Data below:

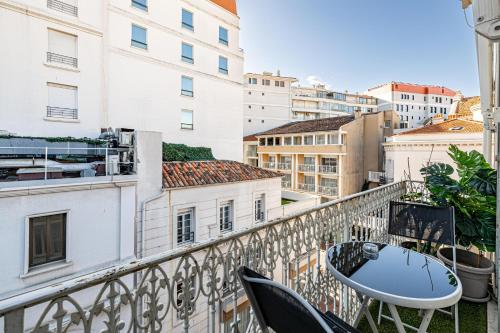 64m2 face Majestic - 50m palais & plages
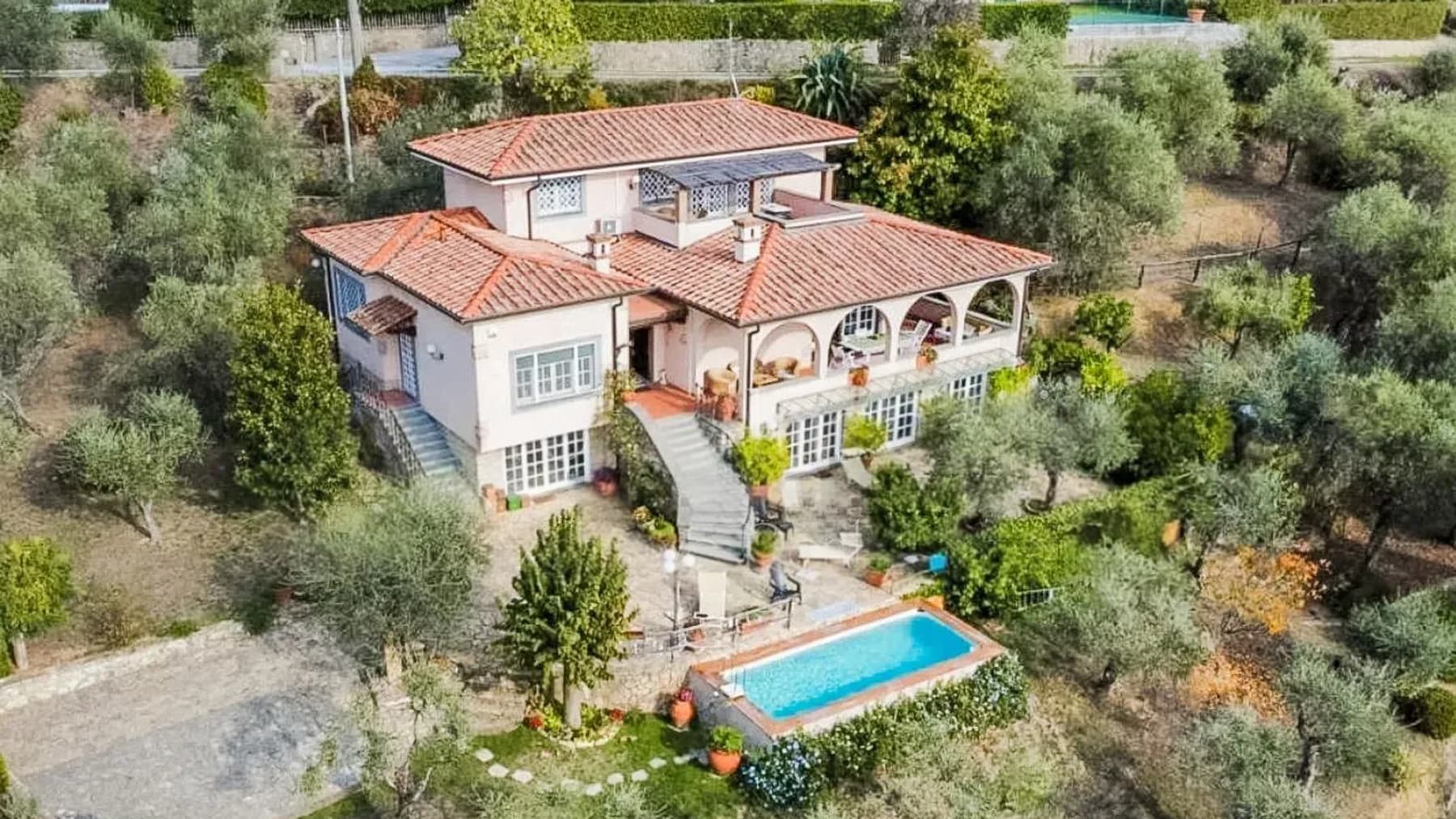 Villa con Vista Mare a Corsanico, Toscana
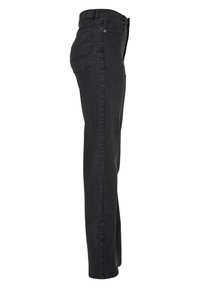 Jeans de denim negro con corte recto, cintura a media altura, bolsillos laterales y traseros, y una textura suave con detalles de costura visibles.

End of Data.

Restate the data word for word while omitting each picture.

Response for this exercise
 64m2 face Majestic - 50m palais & plages
 Villa con Vista Mare a Corsanico, Toscana
 Jeans de denim negro con corte recto, cintura a media altura, bolsillos laterales y traseros, y una textura suave con detalles de costura visibles.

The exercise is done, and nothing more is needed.